Web page caption snippets:
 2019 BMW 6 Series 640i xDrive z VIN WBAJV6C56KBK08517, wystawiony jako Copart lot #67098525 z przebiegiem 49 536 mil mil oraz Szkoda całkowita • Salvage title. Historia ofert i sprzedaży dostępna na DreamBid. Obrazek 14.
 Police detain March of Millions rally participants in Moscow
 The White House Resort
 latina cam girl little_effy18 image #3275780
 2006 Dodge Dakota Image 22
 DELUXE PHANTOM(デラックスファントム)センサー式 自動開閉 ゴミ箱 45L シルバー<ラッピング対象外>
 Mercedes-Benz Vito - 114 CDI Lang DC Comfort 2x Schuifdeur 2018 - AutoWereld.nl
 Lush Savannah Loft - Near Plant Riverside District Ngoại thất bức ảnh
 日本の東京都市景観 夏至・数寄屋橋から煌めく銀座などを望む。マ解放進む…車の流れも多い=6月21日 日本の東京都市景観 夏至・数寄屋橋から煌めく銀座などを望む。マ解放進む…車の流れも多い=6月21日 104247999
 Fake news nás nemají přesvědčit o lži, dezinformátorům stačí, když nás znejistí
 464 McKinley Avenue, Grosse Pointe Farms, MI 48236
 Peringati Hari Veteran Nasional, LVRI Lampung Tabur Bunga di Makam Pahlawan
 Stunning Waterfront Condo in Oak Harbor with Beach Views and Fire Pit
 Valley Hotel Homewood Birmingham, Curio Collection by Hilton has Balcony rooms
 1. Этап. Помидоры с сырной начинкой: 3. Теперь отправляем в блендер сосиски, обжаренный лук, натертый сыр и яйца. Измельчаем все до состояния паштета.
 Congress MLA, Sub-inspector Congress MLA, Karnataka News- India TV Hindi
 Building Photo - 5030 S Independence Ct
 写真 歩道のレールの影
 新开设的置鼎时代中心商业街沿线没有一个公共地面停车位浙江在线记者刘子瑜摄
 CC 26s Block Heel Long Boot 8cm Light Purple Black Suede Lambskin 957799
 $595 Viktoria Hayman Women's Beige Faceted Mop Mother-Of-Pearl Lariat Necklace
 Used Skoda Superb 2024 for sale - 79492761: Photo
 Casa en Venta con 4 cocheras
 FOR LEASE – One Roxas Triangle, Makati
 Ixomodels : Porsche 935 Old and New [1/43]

What you are asked to do » A word-for-word copy of the lines above from the one with "Lush Savannah Loft" through the one with "464 McKinley Avenue, Grosse", inclusive, is the only output wanted.

Written answer »
 Lush Savannah Loft - Near Plant Riverside District Ngoại thất bức ảnh
 日本の東京都市景観 夏至・数寄屋橋から煌めく銀座などを望む。マ解放進む…車の流れも多い=6月21日 日本の東京都市景観 夏至・数寄屋橋から煌めく銀座などを望む。マ解放進む…車の流れも多い=6月21日 104247999
 Fake news nás nemají přesvědčit o lži, dezinformátorům stačí, když nás znejistí
 464 McKinley Avenue, Grosse Pointe Farms, MI 48236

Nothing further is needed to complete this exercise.